_Exercise objective_
In your copy of the data, include no pictures and alter nothing else.

_Raw data_

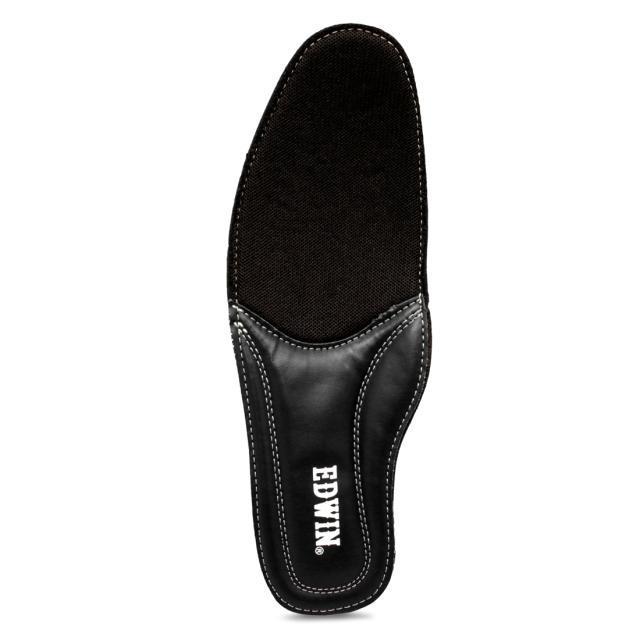 防水仕様 モカ スニーカー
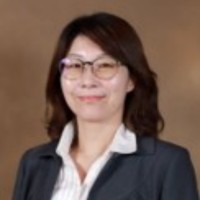 Daphne Wang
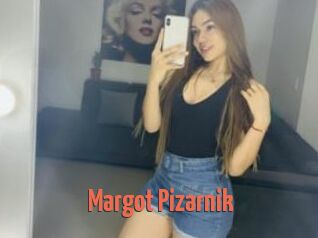 Margot_Pizarnik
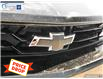 2022 Chevrolet Camaro 2SS (Stk: 23-195A) in Brockville - Image 9 of 29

_Response to this task_
 防水仕様 モカ スニーカー
 Daphne Wang
 Margot_Pizarnik
 2022 Chevrolet Camaro 2SS (Stk: 23-195A) in Brockville - Image 9 of 29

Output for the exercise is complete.